This is Assignment 1 of the Data Science and Process Modelling course taught at Leiden University. It is also the first assignment of the Data Science course.

For each part of the assignment, the number of points awarded for a 100% perfect answer is listed between brackets and sums to a total of 100 points. You should answer each question as precisely as possible; not addressing parts of the question means that fewer points are awarded. Your assignment grade (between 1 and 10, bounds included) is computed by dividing your number of points by 10 and rounding it to the nearest half. If you get an insufficient grade for the assignment, you can retake the assignment by meeting the assignment retake deadline. Please do not be late with handing in your work. If you are late with handing in your work, it means that you failed the assignment and that you are automatically using the retake deadline for the assignment. Retake assignment grades have 2 points subtracted from the total. You are allowed to work in teams consisting of exactly two people. For each question, clearly describe how you obtained your answer, and write down any non-trivial assumptions. All practical exercises can be done on the student workstations. Be sure to hand in digitally:

  1. Your final assignment report (in PDF, generated using LaTeX)
  2. Your Dashboard URL
  3. All relevant server-side source code in one zip-file or tarball

Questions or remarks? Preferably ask them during one of the weekly lectures or lab sessions. In case of urgent questions outside these hours, contact one of the course assistants via e-mail, or ask the lecturer in person.


Assignment contents

Assignment goal

The goal of the assignment is to:

  1. Create a web-based dashboard which can be used by management to understand and interpret the sales data of the CookieDestroyer game.
  2. Answer a few strategic questions on the game using the data and/or the dashboard in a short assignment report.

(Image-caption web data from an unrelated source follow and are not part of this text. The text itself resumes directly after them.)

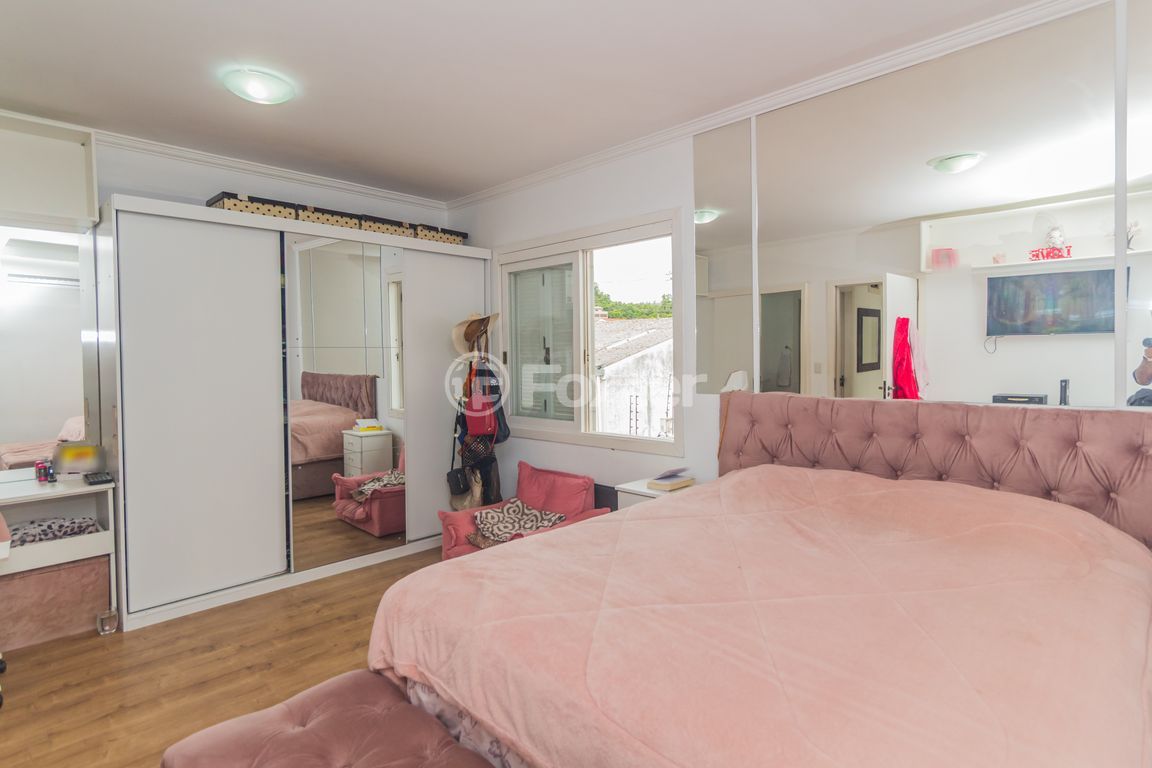 casa sobrado para comprar em Alberto Pasqualini, 492 - foto 13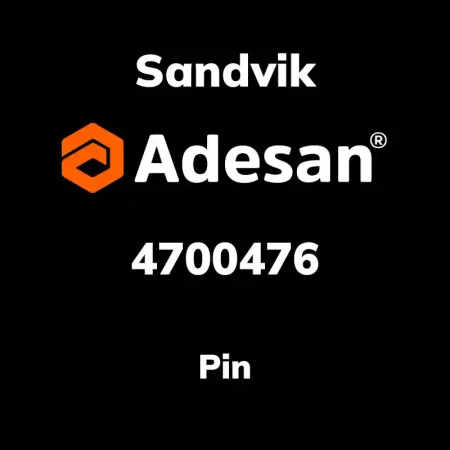 Pin 4700476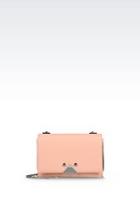 Emporio Armani Shoulder Bags - Item 45292059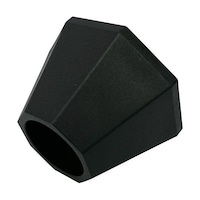 ジェントス 疾風(HYT4L)用ブロワーヘッド HYT4LBH
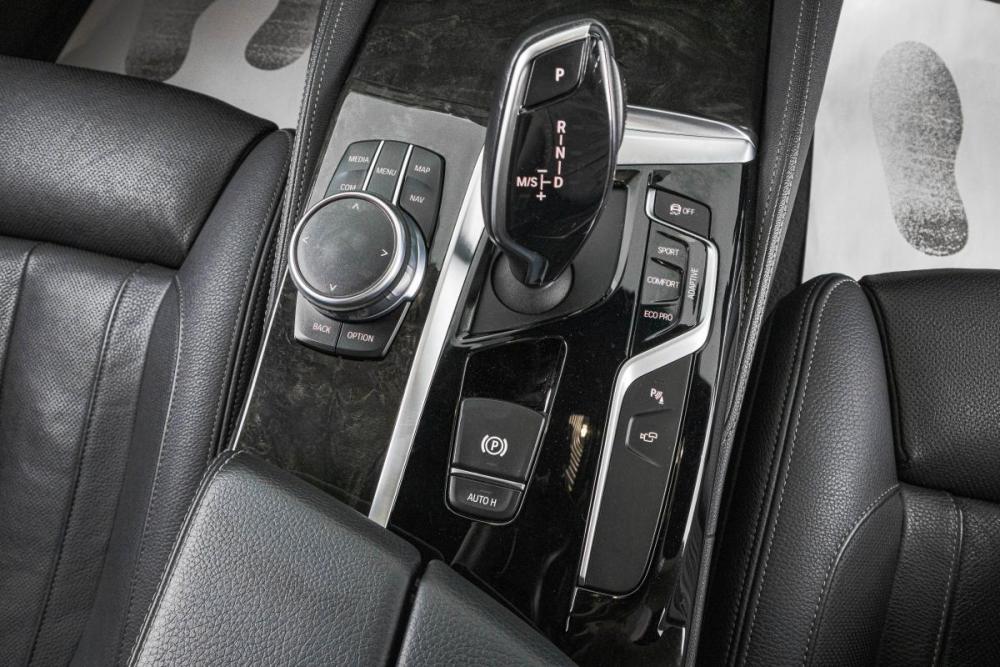 BMW 5 серии VII (G30/G31/G38) Барнаул  - изображение 23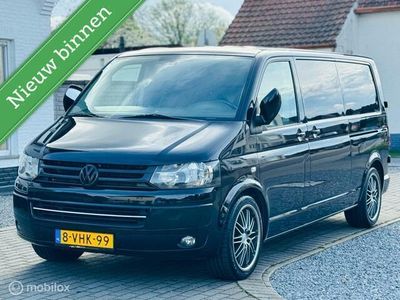 VW Transporter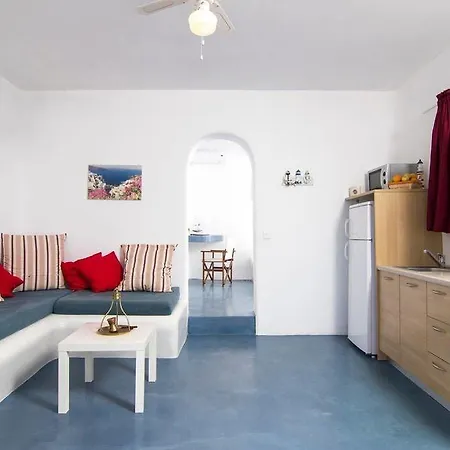 Aparthotel Thea Luxury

The report that you hand in for this assignment should contain a short introduction to the data, the company and the dashboard, as well as the answers to the strategic questions.


Data

The data for this assignment comes in three files: sales, methods and countries. The main data table to be studied is sales, which contains a few hundred thousand sales records spanning a time period from 2010 to 2015. It has the following attributes:

  • saleId - the sale unique identifier
  • saleDateTime - date and time
  • accountName - name of the user, anonymized using one-way collision-free hashing
  • coins - the number of game coins given
  • currency - the currency of the user
  • priceInCurrency - the price in the user's currency
  • priceInEUR - the price converted to EUR (which is all the pricing information you need for this assignment)
  • methodId - unique ID of the payment method used for this sale
  • ip - the IP (again anonymized)
  • ipCountry - the ISO2 country code of the country corresponding to that IP

Furthermore, there are tables methods and countries which map the methodId and ipCountry fields in the sales table to (anonymized) payment method names and country names. Each table is available in .sql format and in .csv format. The files can be found here:

sales .csv .sql
methods .csv .sql
countries .csv .sql For some additional instructions, see below.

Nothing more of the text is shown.